To explain, I’ve broken it down into a battle of the adjectives.
Let’s start with anxiety vs. anticipation.
Anxiety is present in unhealthy relationships. It’s that heavy feeling in your chest you feel waiting for them to respond back and the thrill when, this time, they actually do. It’s after an argument, when you’ve been beat down so much mentally that you accept whatever direction will just make the negativity stop, and those short lived euphoric moments post-resolution. When you’re in an unhealthy relationship, you get addicted to the thrill of the ups and downs, because at the core of what you both are, is a cavity that can only be filled with the false hope of what you lack.
Then there’s the flip side: anticipation. Anticipation holds no deadlines. It’s the eagerness, the pleasure that surrounds seeing or hearing from the other person, and not because you’re unsure when or if it will come. It’s the confidence of knowing what is yours, and the acceptance that no minor lapse of judgment or period of reticence will change or get in the way of what you have. Both feelings have a tendency to make your heart race and control your thoughts—the main difference is that one is excitement that comes hand-in-hand with assurance, while the other is led by fear of the unspecified.
After the period of anxiety/anticipation, comes the relief vs. happiness complex—the light airiness of it all.
In a dependant relationship, you finally get that response, you finally get to see them, and maybe you even get to be yourself for a shining moment and not have to worry about the repercussions or an argument springing about. Everything is good for now—we like to collect and bask in these airy moments when things are easy, just before the inevitable cloud of anxiety returns.
In a healthy relationship, there is nothing but happiness that follows anticipation. You knew they would respond, you knew you would see them soon, you knew you could be a complete goof and your unfiltered self and not have to worry about the repercussions. The line here gets thin because, as we know, every reaction has an equal and opposite reaction. What follows a period of high intensity comes feelings of alleviation. Relief is a feeling or reassurance following anxiety or distress. Happiness is having a sense of trust and confidence.
Allow me to segway into my last defining point: possibility vs. promise.
Growing up as the youngest of 6 girls and watching my sisters each go onto their own successful marriages, I always had to ask the age old question: “How do you know?” Their identical answers never came with much consolation: “You just know.” This always agitated me growing up, because I thought I’ve “known” 101 different times—but how are you supposed to know you know until you actually know, ya know?

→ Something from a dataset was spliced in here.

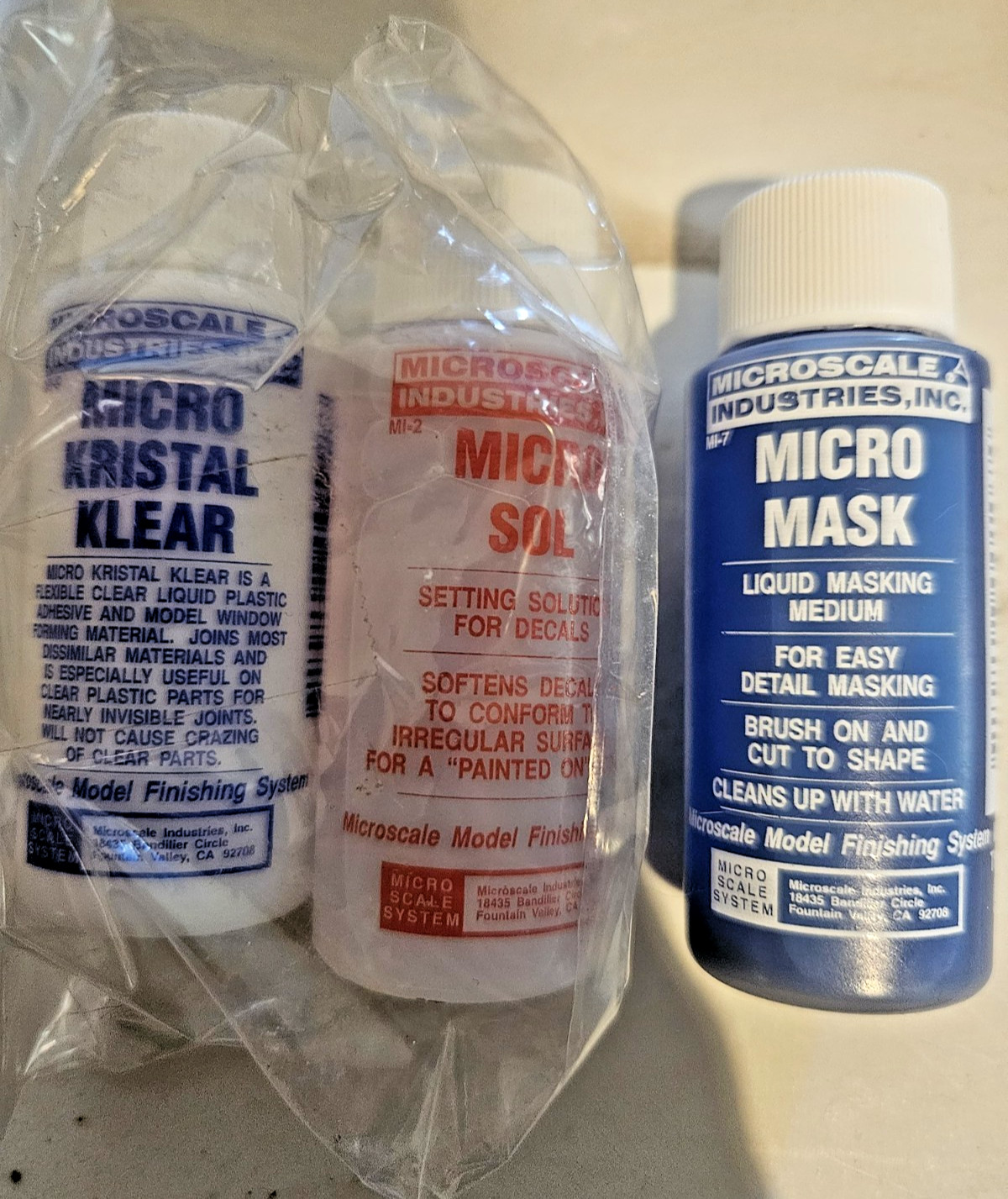 Microscale 3 Pack! 1oz ea. Micro Mask / Micro Kristal Klear / Micro Sol -4models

The labyrinth of supposed thought makeup is arduous, and I wish I could exercise more knowledge in the form of an explanation, but I too will leave you with: “you just know.” It’s a feeling at the start of each morning, and the end of each night. It’s anticipation, it’s happiness, it’s promise. There’s not an inkling in your mind about whether or not that person is going to accept you—you know that no matter how far you go off the irrationality scale, the unconditional love is there. You know you need not worry about them when you’re not around—what they’re up to, who they’re with, where they’re going—because you know it will be alongside you. Possibility, however, is likelihood—it’s risk, it’s hope without full grasp.
When you know is when you’ve been on both sides of the blurred line and suddenly see that line is actually far more distinct than you ever thought possible. Your relationship should be your safe haven, not a battlefield of guilt trips, anxiety and disorder. This isn’t to say that once you’ve found your person, there won’t be conflict—because there absolutely will be. The difference lays in the level of conviction, the effort put forth to resolve, the lack of indignation. It’s in the unproblematic zest to be next to that person again, the happiness you bring each other, and the promise that no matter what comes your way, you will be supported wholeheartedly, together—without a doubt.